The three stages of predict(). Pre-process and
post-process take parameters the script controls; the engine in
the middle is fixed by the cam.¶
7.6.1. Pre-process¶
The pre-process stage turns each input into the dense tensor the
network expects. The most common input is an image.Image,
captured in RGB565. The stage crops and resizes it to the network’s
input_shape, converts from RGB565 to the channel
format the network was trained on (RGB888 for most vision networks),
applies per-channel scale and offset, and – when the network
expects integer input – quantizes to the model’s
input_dtype in the same pass. Networks trained for
float input skip the quantization step and receive the
scale-and-offset result directly.
The default ml.preprocessing.Normalization reads the
model’s input dtype and runs the right transformation
automatically. A hand-tuned Normalization overrides the
scale, mean, and stdev values for models trained against custom
channel statistics (the ImageNet-derived means and standard
deviations are a common case). A plain callable overrides the stage
entirely – useful when the input is not an image at all or when
the application has already produced the dense tensor itself.
7.6.2. Engine dispatch¶
The engine stage runs the network. Which engine it dispatches to is fixed by the cam: the H7 and RT1062 run TFLM (the TensorFlow Lite for Microcontrollers interpreter, dispatching ARM-optimised CMSIS-NN kernels where they exist); the AE3 runs the same TFLM interpreter with its Cortex-M55 fallback and the Ethos-U NPU handling any operator the offline Vela compiler tagged for the accelerator; the N6 runs STAI, ST’s runtime for the N6’s purpose-built NPU.
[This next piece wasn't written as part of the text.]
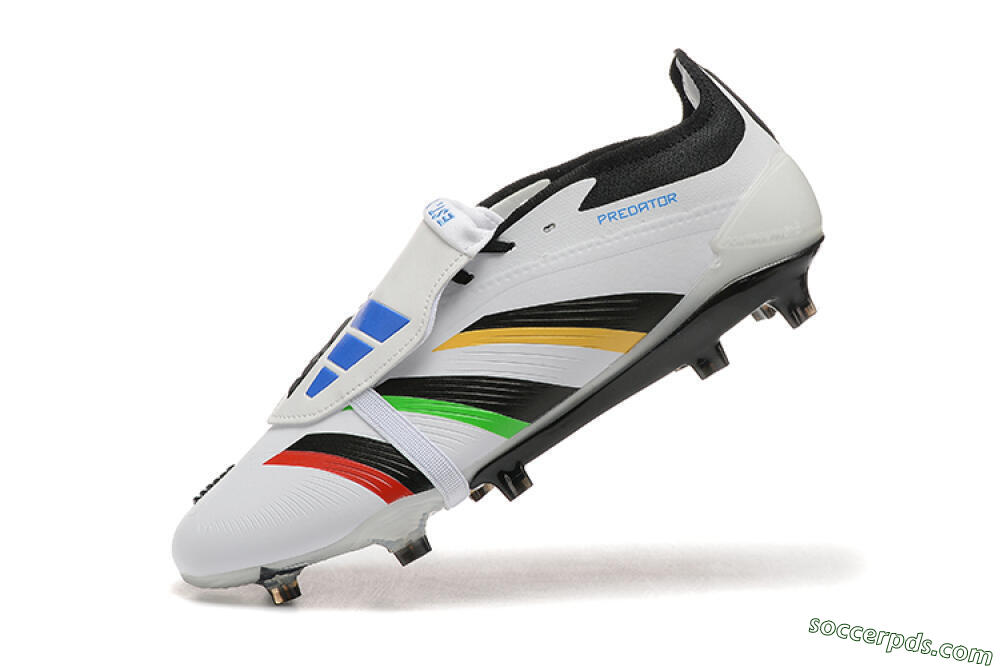 Adidas Predator Elite Foldover Tongue FG Low-Tops Football Boots - White/Rainbow 8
The script does not pick the engine. The engine that ships with the cam runs every model the cam loads.
7.6.3. Post-process¶
The post-process stage turns the network’s raw output tensors back
into a usable result. The default behaviour is to dequantize each
output tensor to floating point (or pass it through unchanged for
networks with float outputs) and return them as a list of
ndarray objects. Most applications register a
post-processor – a callable that knows the network’s output
layout – to decode the tensors into the result form the
application acts on: a list of bounding boxes, a list of keypoints,
a list of classes.
The script controls this stage in two ways. The postprocess=
keyword on the constructor registers a post-processor that runs on
every call. The callback= keyword on
predict() overrides the registered post-processor
for one call only – useful for switching between several decoders
without re-loading the model. Either form receives (model,
inputs, outputs) and returns whatever the application expects.
7.6.4. What the script controls¶
Pre-process and post-process are the script’s two handles. The
default pre-processor handles most vision models; the right
post-processor for a given network family is picked from the
catalogue under ml.postprocessing. The engine in the middle
is decided by the build and runs the same way regardless of what
the script asks for.